October 25, 2012 / 6:16 PM / 5 years ago

Summers says ECB, policymakers 'will do what is necessary'

NEW YORK, Oct 25 (Reuters) - European central bankers and policymakers will choose European unity over any alternatives, even if it involves high levels of inflation, said Former Treasury Secretary Lawrence Summers in New York on Thursday.

“At end of the day, central banks will do what is necessary” to maintain the European project, even if it means years of high inflation or taking action beyond the latest program of bond-buying by the European Central Bank, Summers said.

“Any time there’s a choice between Europe falling apart or something else, something else will be chosen, even if it has inflationary consequences.”

Summers said he was “convinced” that if forced to choose between a 4.5 percent inflation rate in Europe, including in Germany, and a collapse or weakening of the union, “the choice would be made for a period of that inflation.”

In early September, ECB Chairman Mario Draghi unveiled a new bond-buying plan aimed at easing the region’s debt crisis. The Outright Monetary Transactions (OMT) has not yet been implemented, but global financial markets reacted favorably to Draghi’s commitment to support troubled euro zone nations like Spain and Greece.

Summers, who was Treasury Secretary under President Bill Clinton from 1999 to 2001 and who served as director of the United States National Economic Council under President Barack Obama until November 2010, said ECB action had been “reassuring more than problem solving” but that “one has to be more optimistic about the future of the European institutions today than one would have been 6 months ago.”

Summers was appearing on a panel on Europe’s debt crisis at the Economist Buttonwood Conference in lower Manhattan.

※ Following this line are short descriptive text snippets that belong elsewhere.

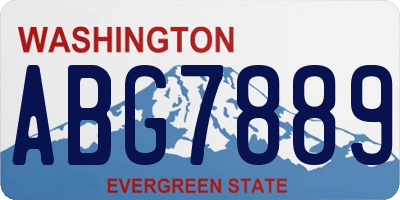 WA license plate ABG7889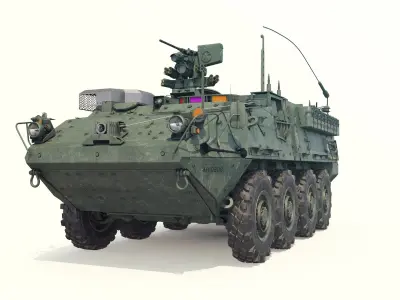 Stryker M1130 3D model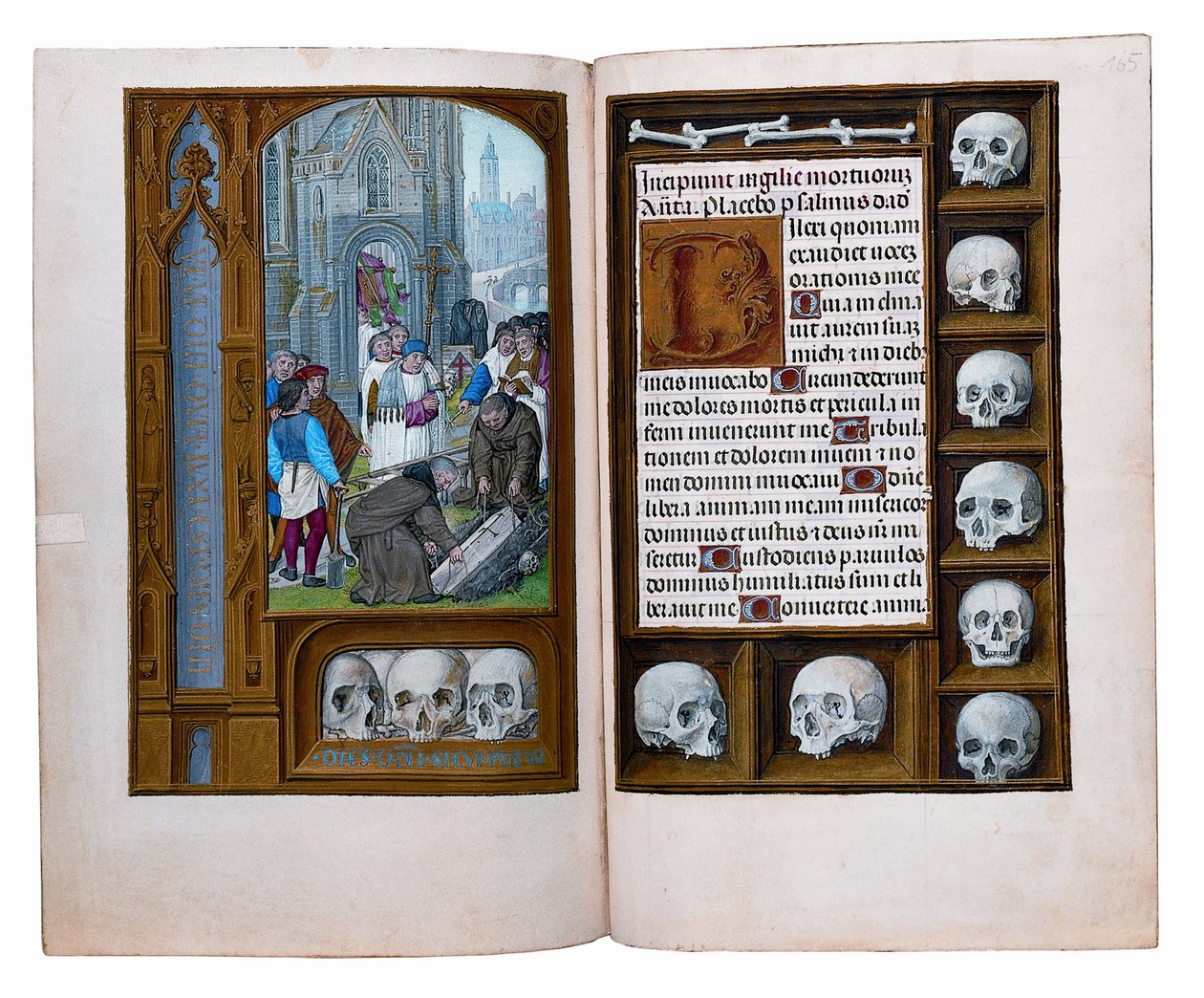Folioer fra Rothschilds timebok, Gent eller Brugge, ca. 1505 av Flemish School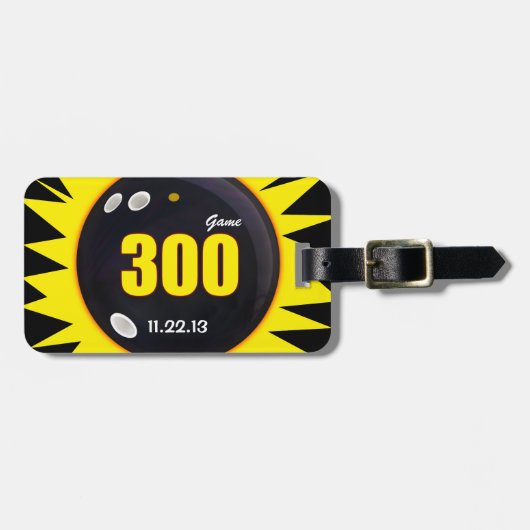 Étiquette À Bagage Bowling Le Jeu Parfait, Ball Bag, (Devant horizontal)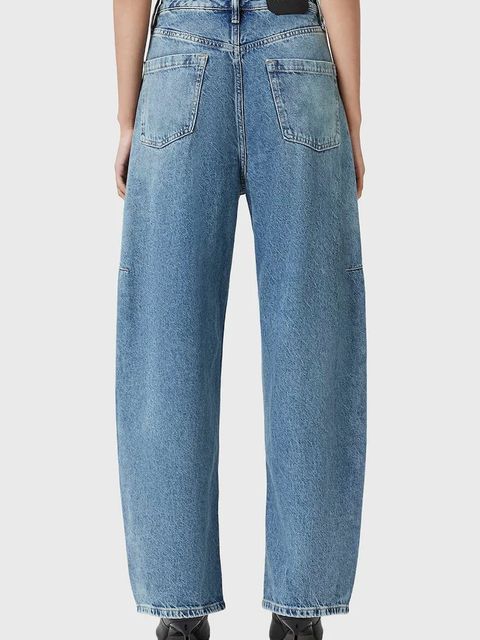 AllSaints jeansy CARTER damskie medium waist W006ED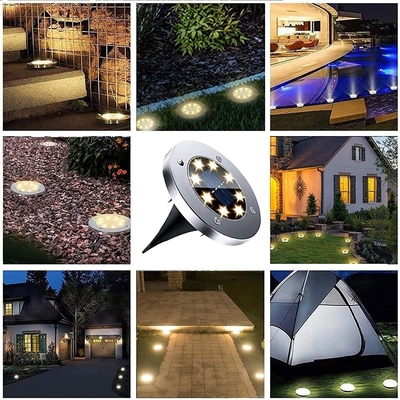 Wasserdichte angetriebene helle angetriebene Plattform-Solargrundsolarlichter der Garten-Bahn-8 LED
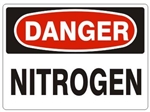 DANGER NITROGEN Sign - Choose 7 X 10 - 10 X 14, Self Adhesive Vinyl, Plastic or Aluminum.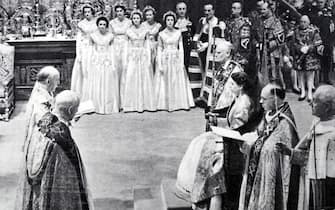The coronation of Elizabeth II of the United Kingdom, took place on 2 June 1953 at Westminster Abbey, London. (Photo by: Universal History Archive/Universal Images Group via Getty Images)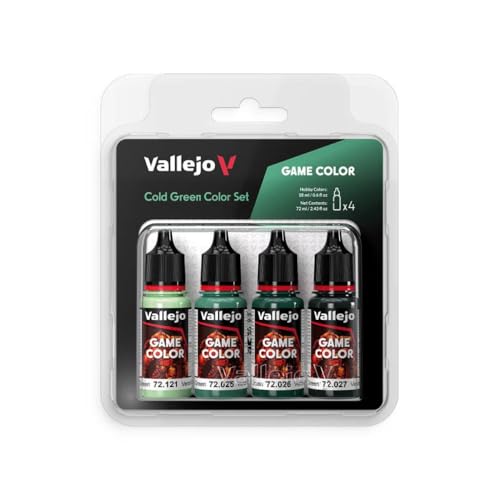 Farb-Set Kalt-Grün, 4X 18 ml von Vallejo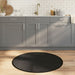 Covor rotund, negru, 100 cm, bambus - WALTI WALTI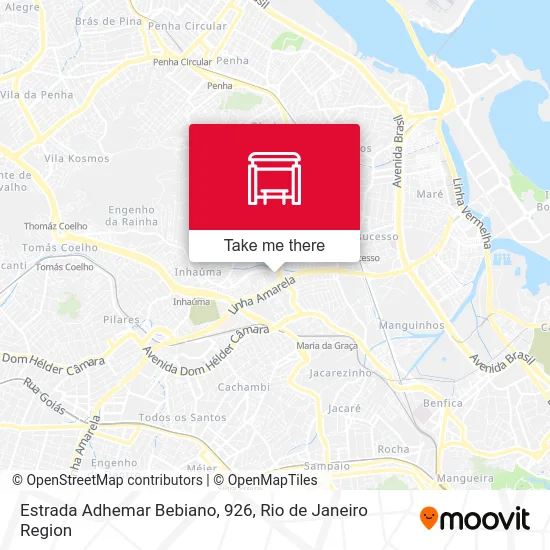 Estrada Adhemar Bebiano, 926 map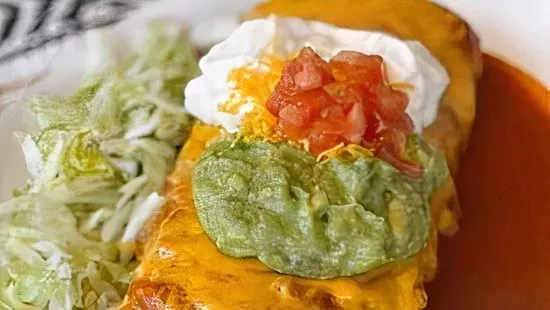 Red & Green Chili Mixed Chimichanga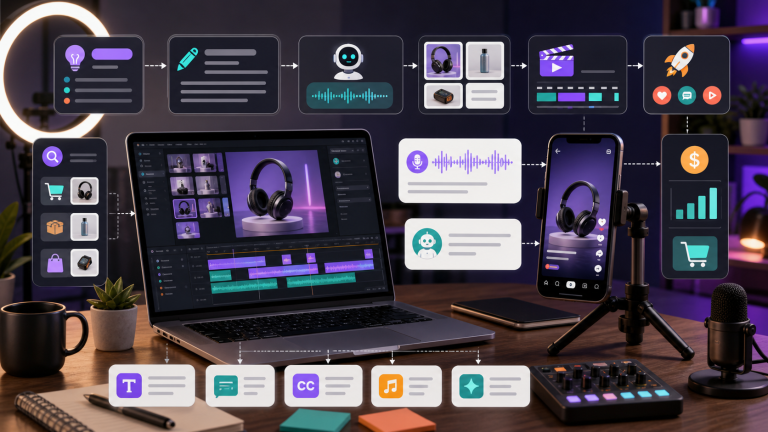 Làm video Affiliate với AI không lộ mặt: quy trình tạo nội dung từ A-Z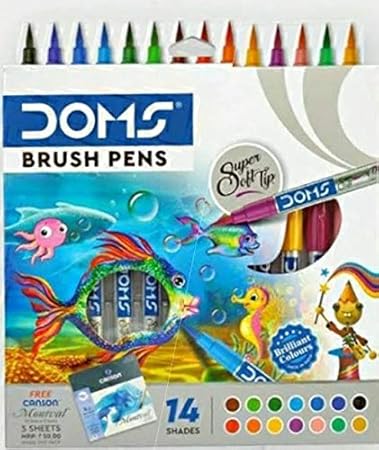 Amazon.com: DOMS Brush Pens- 14 Shades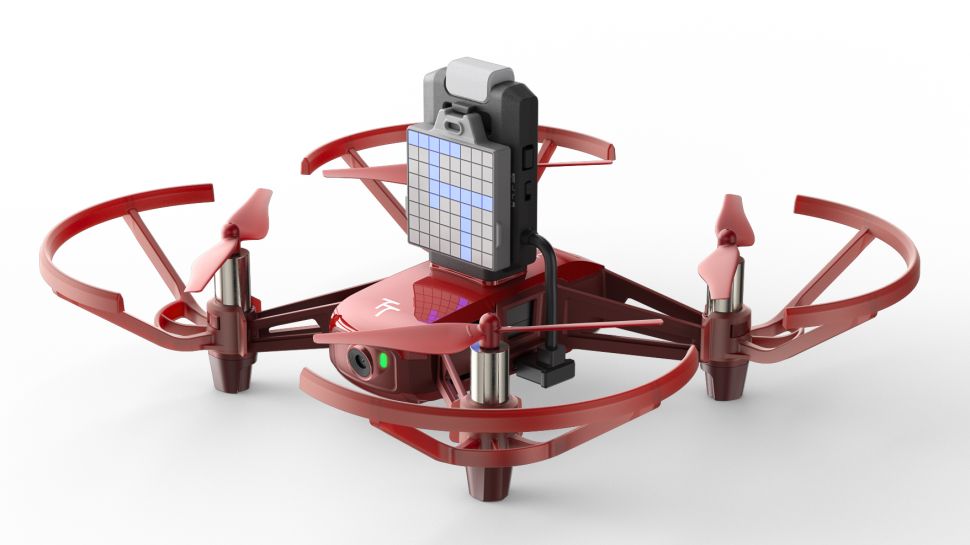 Drone used for coding in STEM drone curriculum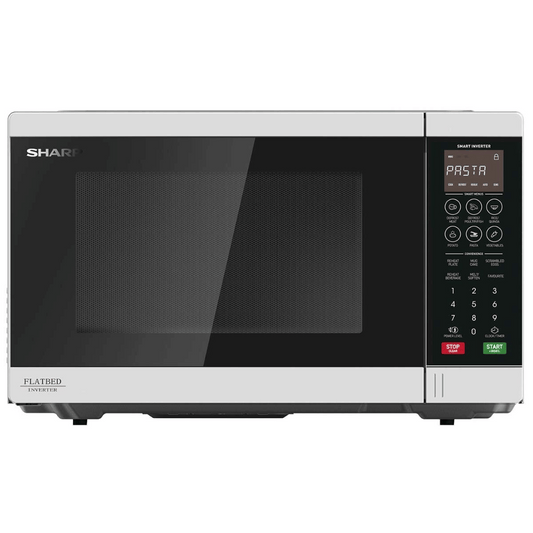 Sharp SM327FHW 32L White 1200W Smart Flatbed Microwave Oven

He was joined for the discussion by BlackRock vice chairman and former head of the Swiss National Bank, Phillip Hildebrand, and economist, Lorenzo Bini Smaghi, a former member of the Executive Board of the European Central Bank.

All three men agreed that the future of the euro zone includes Greece, and that ECB actions over the last few months had fundamentally changed the course of the crisis for the better.

“It has been a game changer,” said Hildebrand, who cautioned that further strong action was needed, especially in Spain.

“Speech is not enough. The sooner more decisive action is taken, the higher the probability it will yield a successful outcome.”